At its inception, the U.S. represented a capitalist government run by rich, white men, elected by propertied, white men, whose individual perspectives were reduced to a single vote and the will of the majority, and where, then as now, “the most apocalyptic decisions, especially military ones, are always made by government, quickly—almost secretly—without consulting the people.” But the Iroquois confederation, had “no executive branch, no rulers or presidents,” and reserved for women the responsibility of nominating the changing spokespersons who were expected to “prove themselves wise, honest, and worthy of confidence.” Iroquois decision-making aspired to build “deliberately slow” consensus. In what way can we call both of these societies “democratic” and not render the term meaningless?
Though Mander does not emphasize this point, the Iroquois tribes, by deciding to form a large-scale confederation (the real reasons for this are still debated by Western historians) put at risk the individual autonomy practiced in their smaller tribal groups. But it is likely that because they were raised as respected, autonomous, cooperative beings, the tribes’ federated procedures were still guided by the values of personal autonomy respective of the whole. This sensitivity on the part of the Iroquois people is also indicated in their awareness of the compromising distortions inherent in translating the Great Law from their own oral tradition to written English text. And it implies a wholistic intelligence which the “founding fathers” were incapable of grasping.
Deeply alienated, the newcomers appropriated only enough external fragments from the Great Law to hide from their victims and (in some ways) themselves the pattern of domination they still perpetrated. On the one hand, the author-politicians were stealing from the native world vision; on the other hand, they were attempting to assassinate it. In this sense, The Gift of Democracy” was never given, and never received.
The clearer and deeper message regarding genuine social change is conveyed in Manders’ story about his meeting with Hopi Kikmongwiis in the 1960s, to request permission to make a film about the strip mining of sacred sites on Hopi land. He describes the elders’ long slow process of consensus as a “peeling away of layers of consideration until nothing but a clear agreement remained.”

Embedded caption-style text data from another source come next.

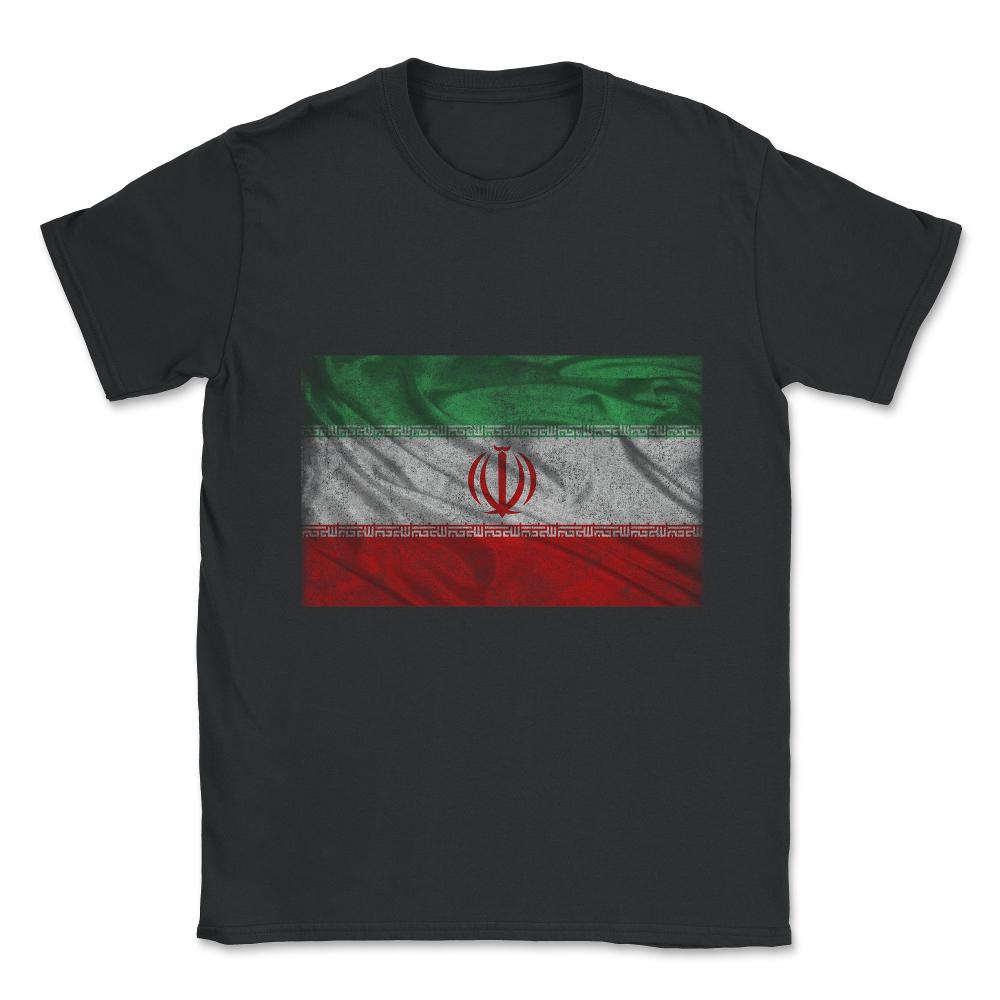 Iran Flag Vintage Unisex T-Shirt - Black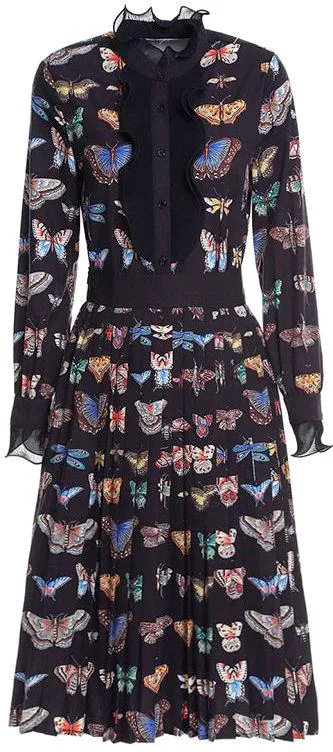 Butterfly Print Ruffled Blouse and Skirt Set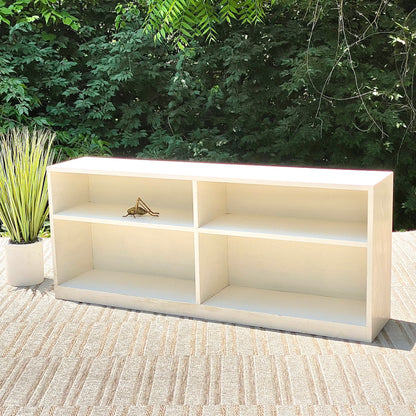 Vintage 2 Tier White Bookshelf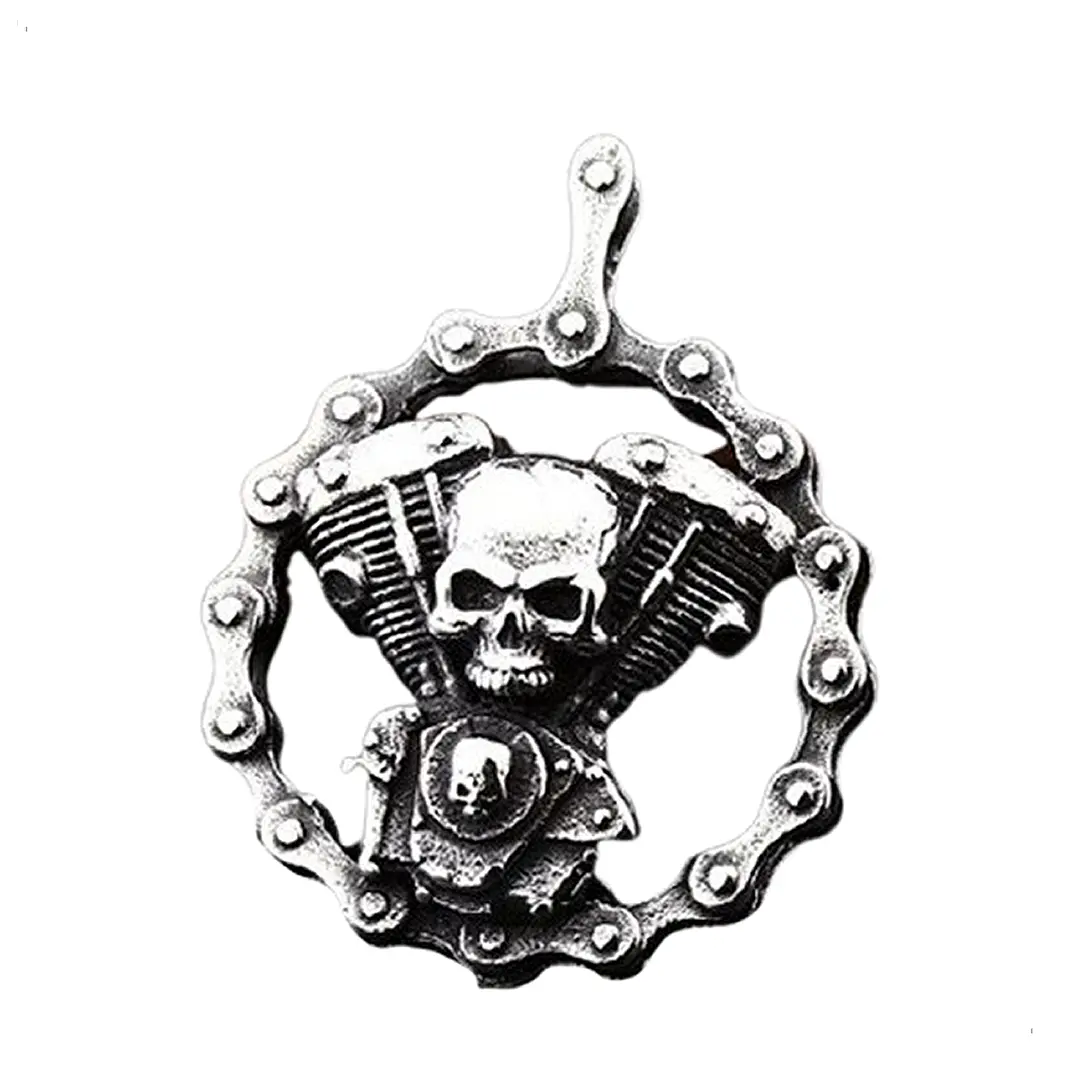 Collar Calavera Rock Motoquero, Acero Inoxidable, Hombre 1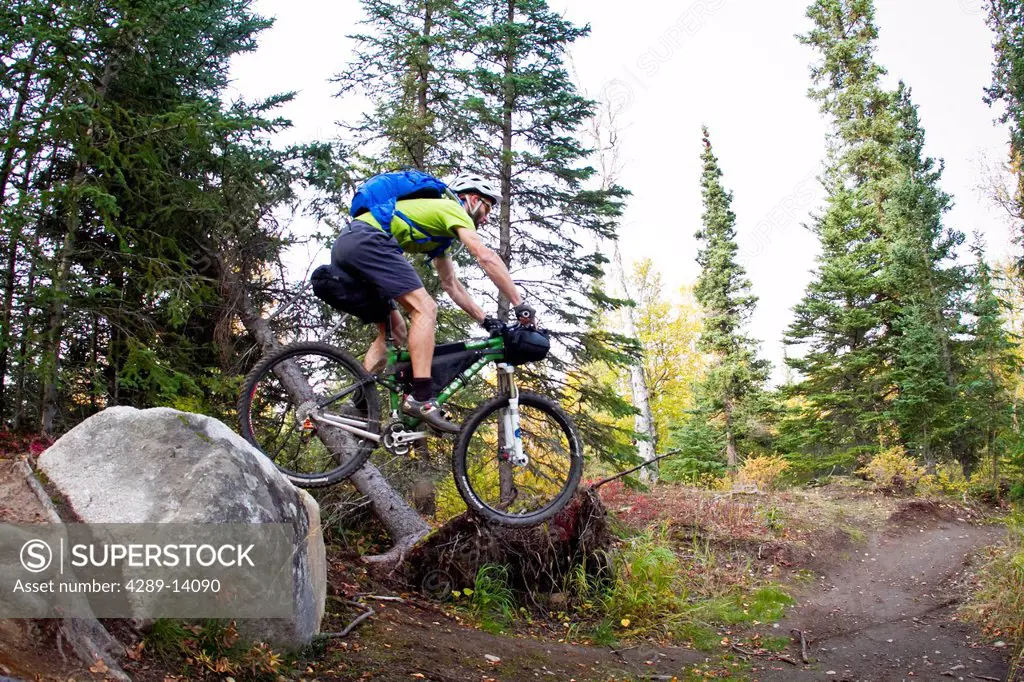Man mountain biking over rocks, Anchorage hillside trails, Southcentral Alaska, Autumn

Speaking was in quiet thoughtful tones, without tactics of persuasion. The emphasis was on listening: “Sometimes they seemed to be asleep, but…there is among oral cultures a unique way of listening and remembering. They were not asleep; they were alert in a way that was difficult for me to see.”
It is true that traditional native communities provide models for healthy social interaction. But what must be learned is not merely the apparent arrangements and procedures, but the awareness that informs them and unfolds outward. It must be learned wholly (holy, sacred), which requires careful listening and remembering.
The book closes with a defiant sense of hopefulness, calling for individual and collective action, with a consciousness that merges regional resistance to local instances of the megatechnical assault, with personal participation in the defense of native communities, and includes a list of groups and information sources to this effect.
Here in Detroit, it is springtime and weeds are breaking through the pavement, reminding us that somewhere beneath our feet the Earth regenerates itself. Aligned with the native spirit, we recognize the sacred ground. It inspires our struggles to protect it, and in the process, to be thoughtful with each other and listen very well.